EXTRACTED MATERIAL.
════════

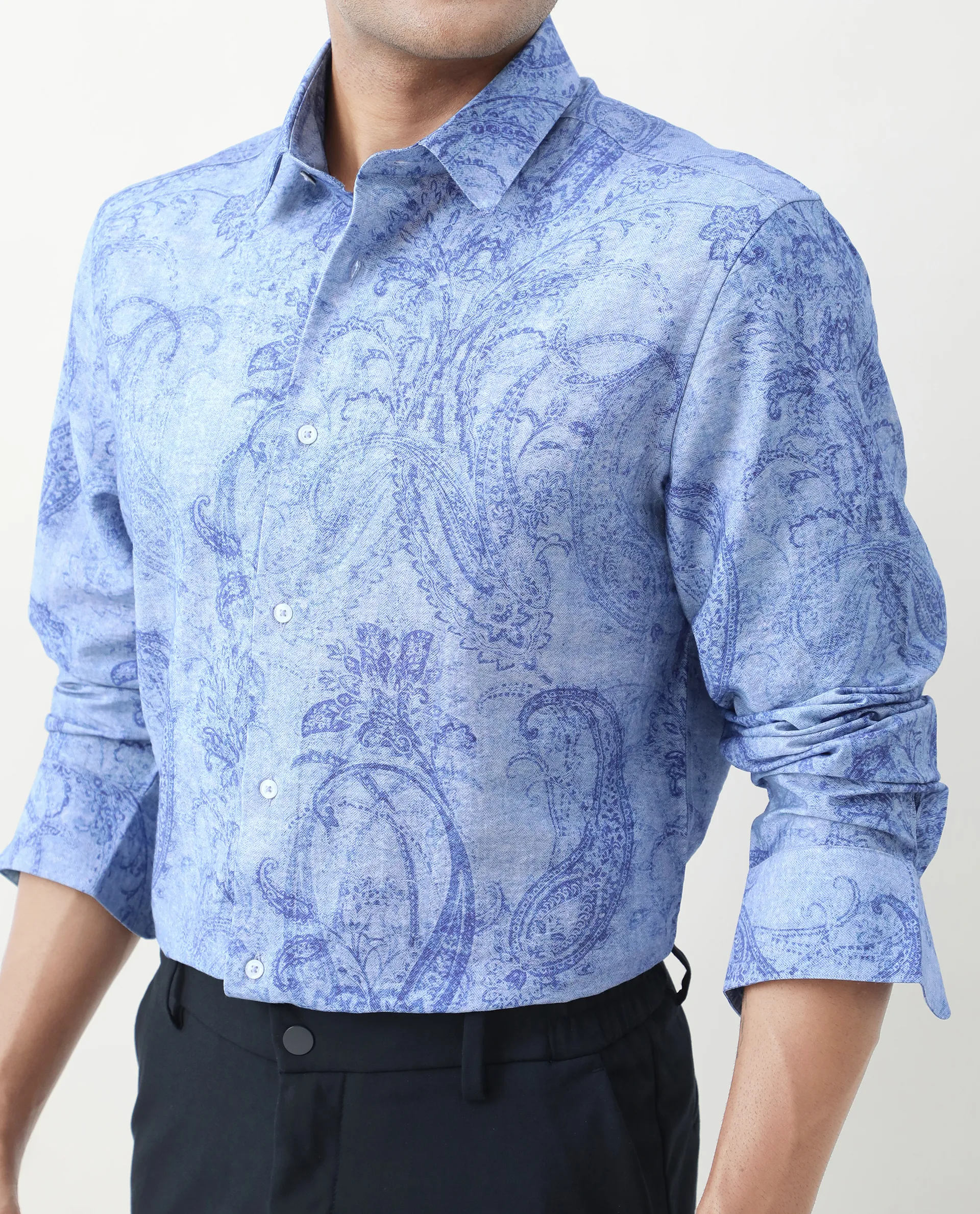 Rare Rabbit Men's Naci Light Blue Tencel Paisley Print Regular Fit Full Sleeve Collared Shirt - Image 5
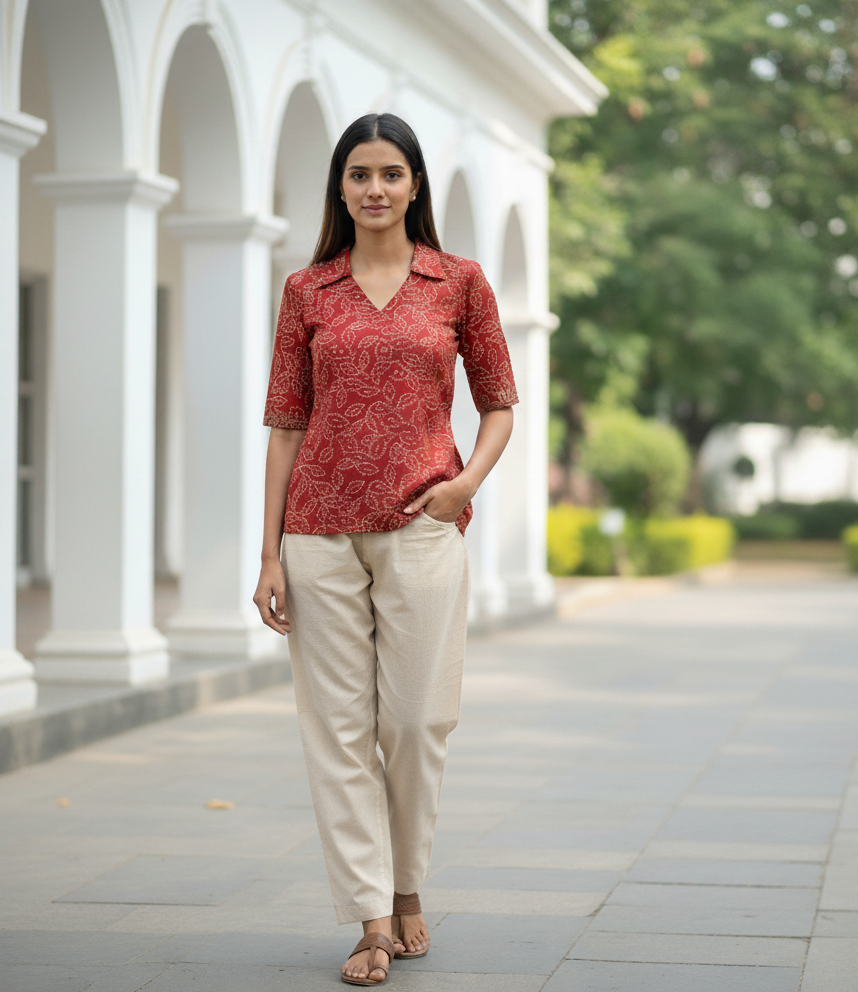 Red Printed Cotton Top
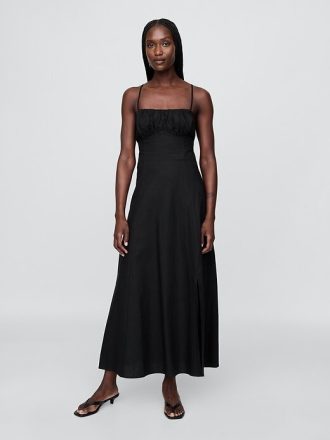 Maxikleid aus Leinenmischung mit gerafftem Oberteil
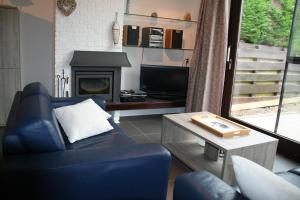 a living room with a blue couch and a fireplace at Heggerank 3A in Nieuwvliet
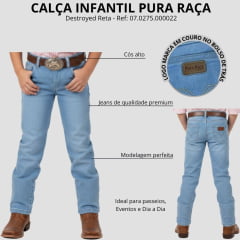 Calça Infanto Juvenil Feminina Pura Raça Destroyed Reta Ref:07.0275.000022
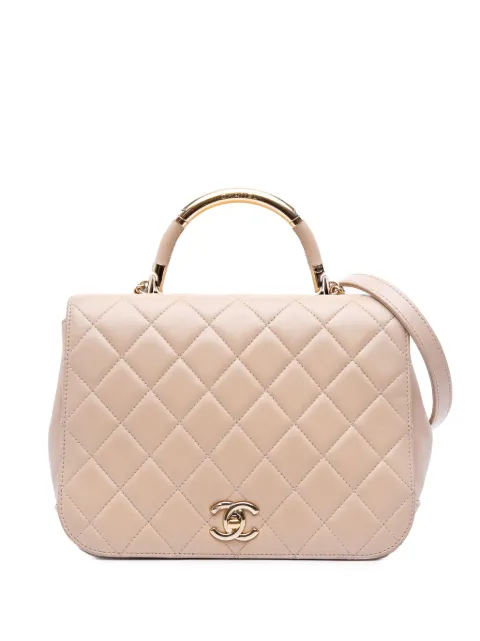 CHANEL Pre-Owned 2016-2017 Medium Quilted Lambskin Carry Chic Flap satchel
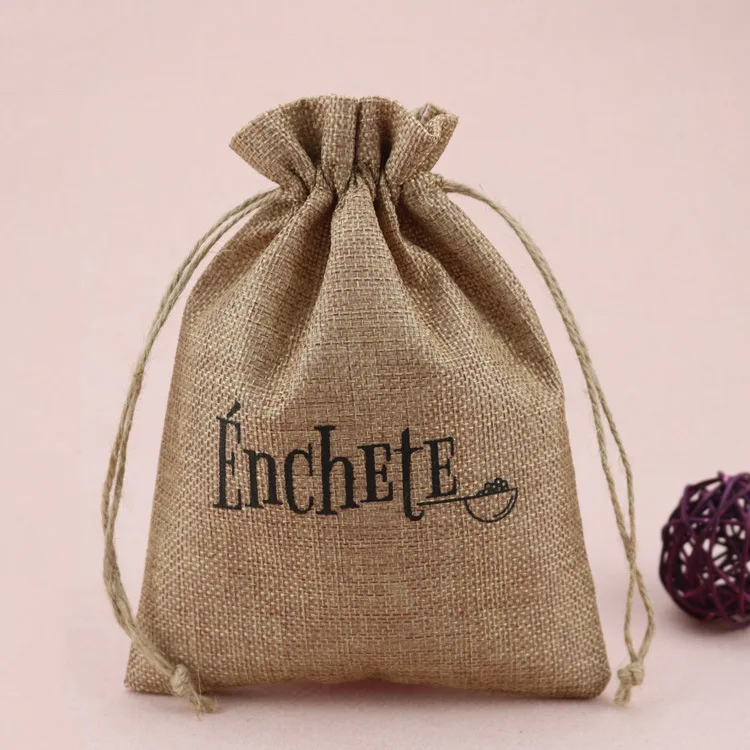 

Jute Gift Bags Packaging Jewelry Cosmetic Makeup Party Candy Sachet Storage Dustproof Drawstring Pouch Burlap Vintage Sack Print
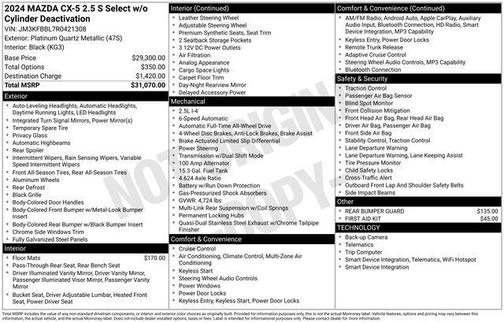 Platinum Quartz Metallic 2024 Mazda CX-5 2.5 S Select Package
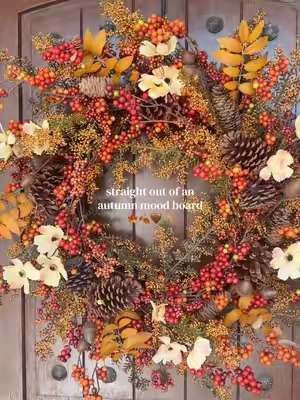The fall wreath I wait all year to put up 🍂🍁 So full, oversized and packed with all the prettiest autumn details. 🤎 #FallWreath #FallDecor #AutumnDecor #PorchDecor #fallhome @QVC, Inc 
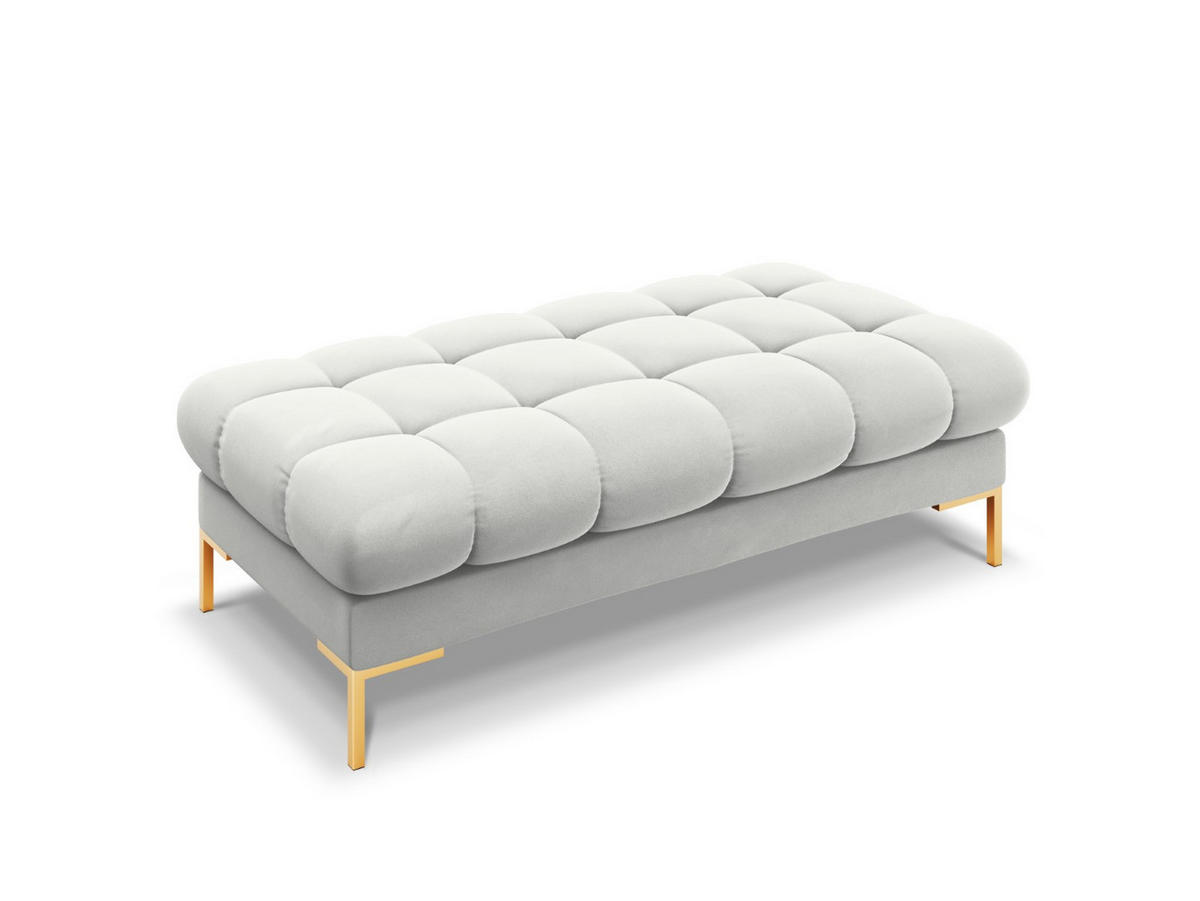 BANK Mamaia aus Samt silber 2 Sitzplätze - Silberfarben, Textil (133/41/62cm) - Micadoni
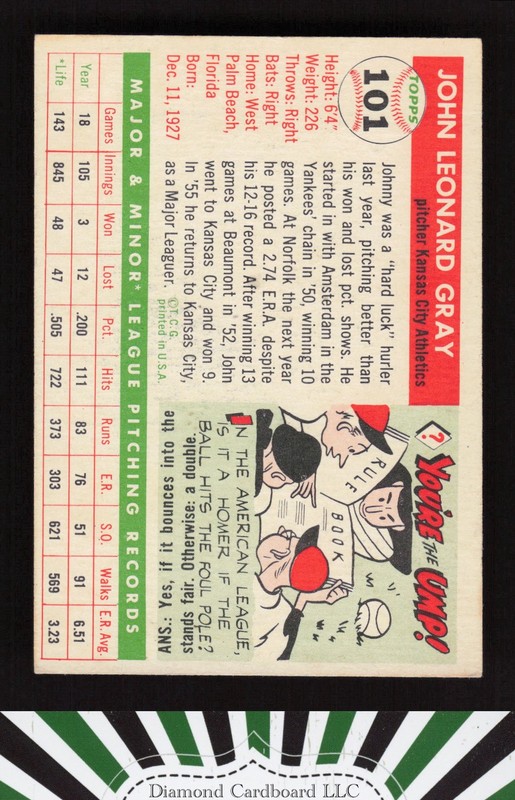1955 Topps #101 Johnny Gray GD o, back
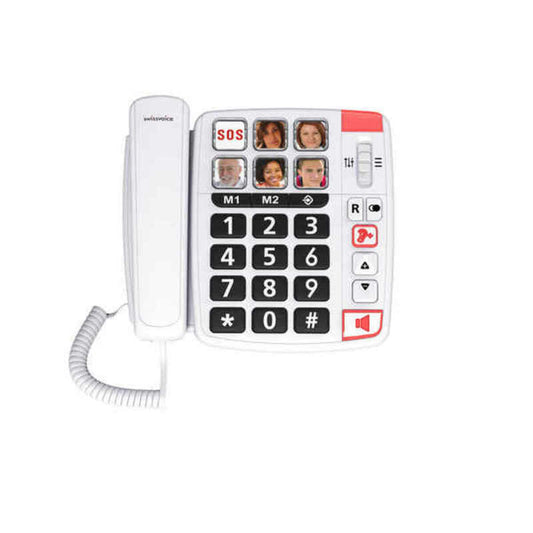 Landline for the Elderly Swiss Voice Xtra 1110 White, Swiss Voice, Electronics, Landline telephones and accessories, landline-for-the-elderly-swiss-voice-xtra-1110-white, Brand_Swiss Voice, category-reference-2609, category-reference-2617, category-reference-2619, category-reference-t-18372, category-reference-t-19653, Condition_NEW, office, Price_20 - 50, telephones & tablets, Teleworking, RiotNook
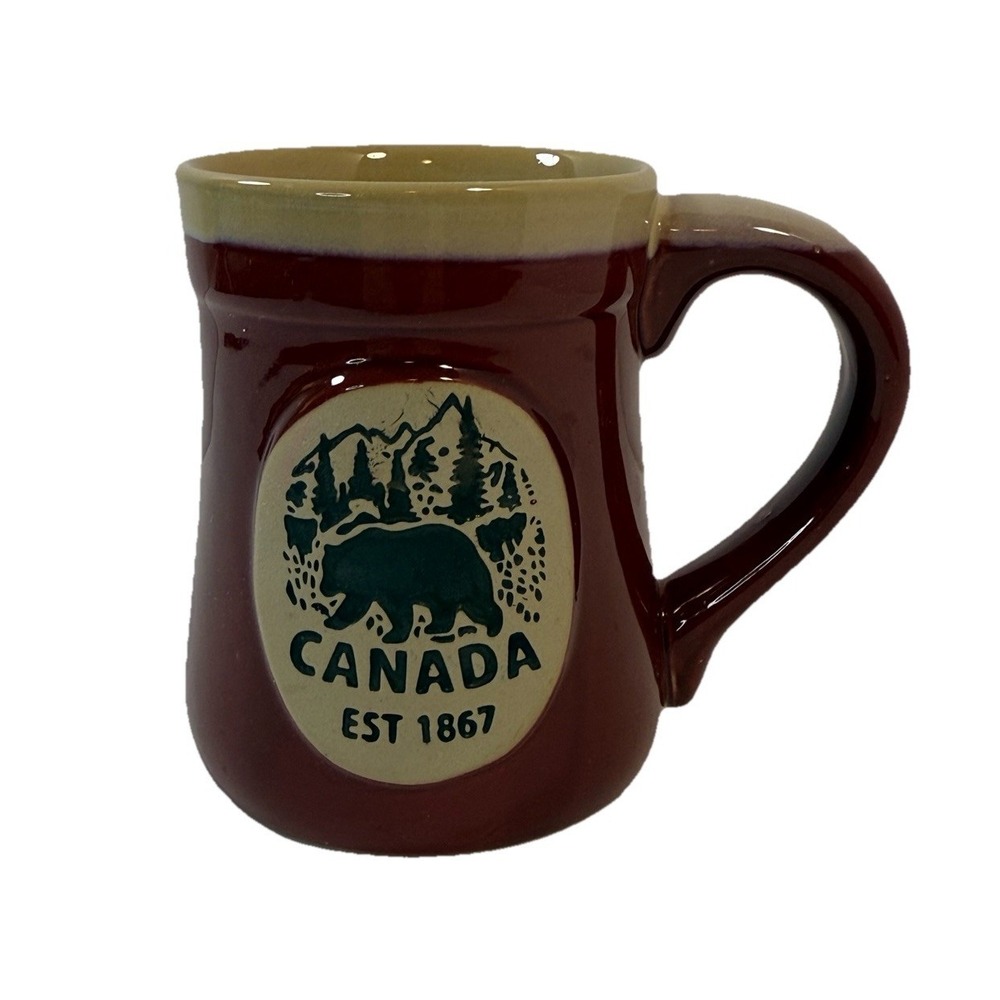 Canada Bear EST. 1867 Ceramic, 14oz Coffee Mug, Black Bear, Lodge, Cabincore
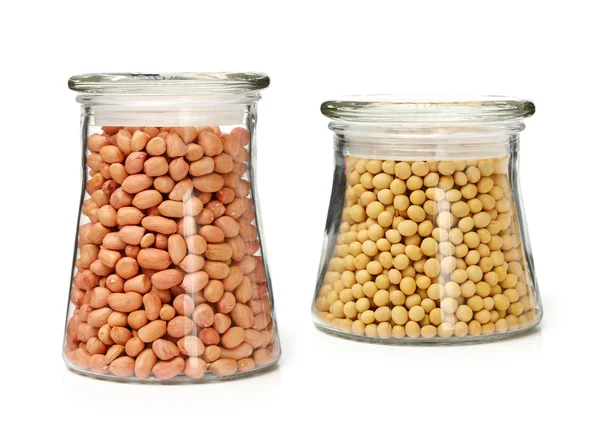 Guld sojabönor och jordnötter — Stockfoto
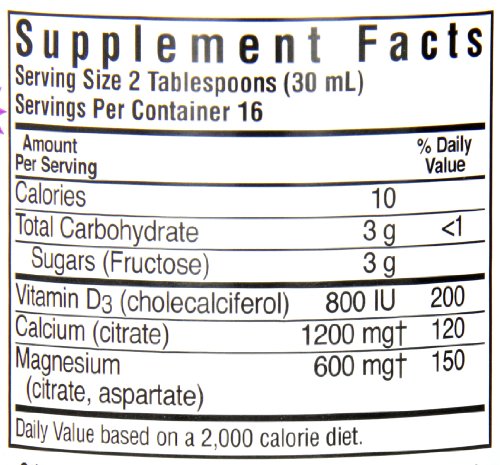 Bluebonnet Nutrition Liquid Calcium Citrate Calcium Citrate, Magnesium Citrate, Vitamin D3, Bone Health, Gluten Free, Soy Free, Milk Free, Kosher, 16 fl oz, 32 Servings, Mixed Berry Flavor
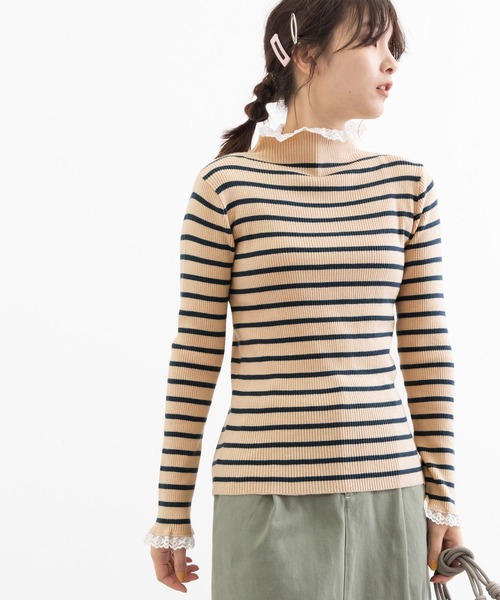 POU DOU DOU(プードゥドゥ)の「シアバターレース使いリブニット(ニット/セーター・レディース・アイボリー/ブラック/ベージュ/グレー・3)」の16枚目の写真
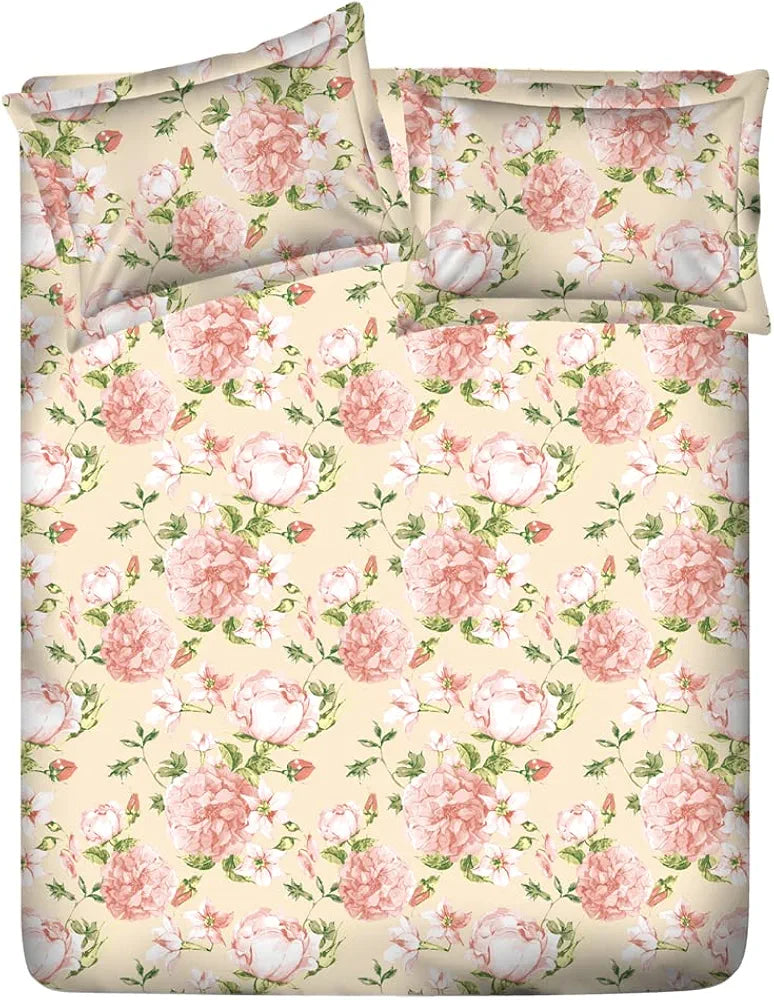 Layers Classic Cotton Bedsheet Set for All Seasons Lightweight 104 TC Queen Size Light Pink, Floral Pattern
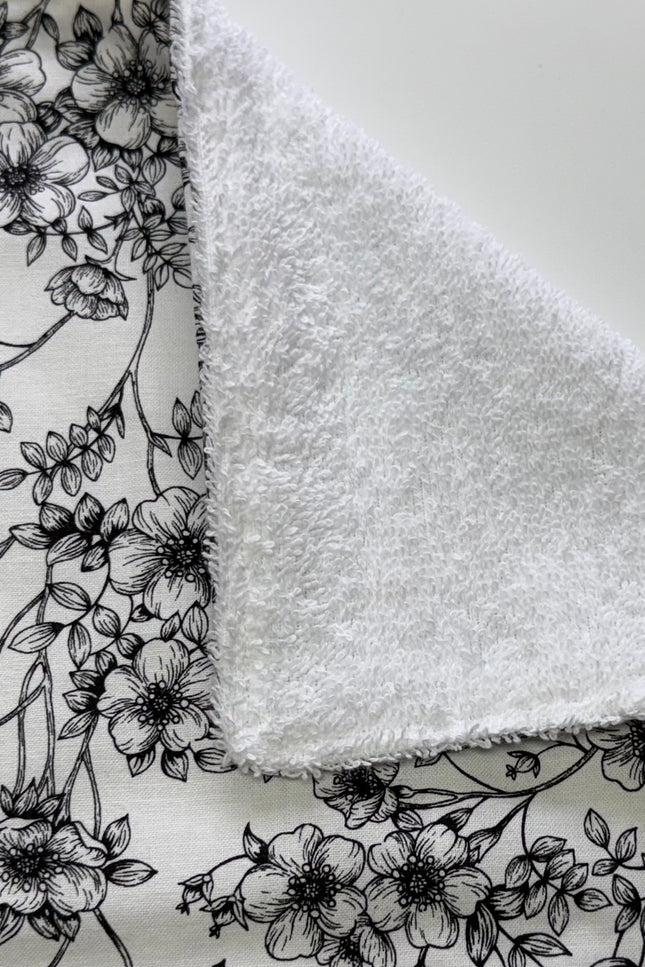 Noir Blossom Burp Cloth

════════

WHAT YOU SHOULD DO.
Beginning at the line above that contains "Jute Gift Bags" and going on through the line that contains "The fall wreath", please copy every line exactly, leaving the pictures out and adding nothing.

TASK RESPONSE.
Jute Gift Bags Packaging Jewelry Cosmetic Makeup Party Candy Sachet Storage Dustproof Drawstring Pouch Burlap Vintage Sack Print
 Platinum Quartz Metallic 2024 Mazda CX-5 2.5 S Select Package
The fall wreath I wait all year to put up 🍂🍁 So full, oversized and packed with all the prettiest autumn details. 🤎 #FallWreath #FallDecor #AutumnDecor #PorchDecor #fallhome @QVC, Inc 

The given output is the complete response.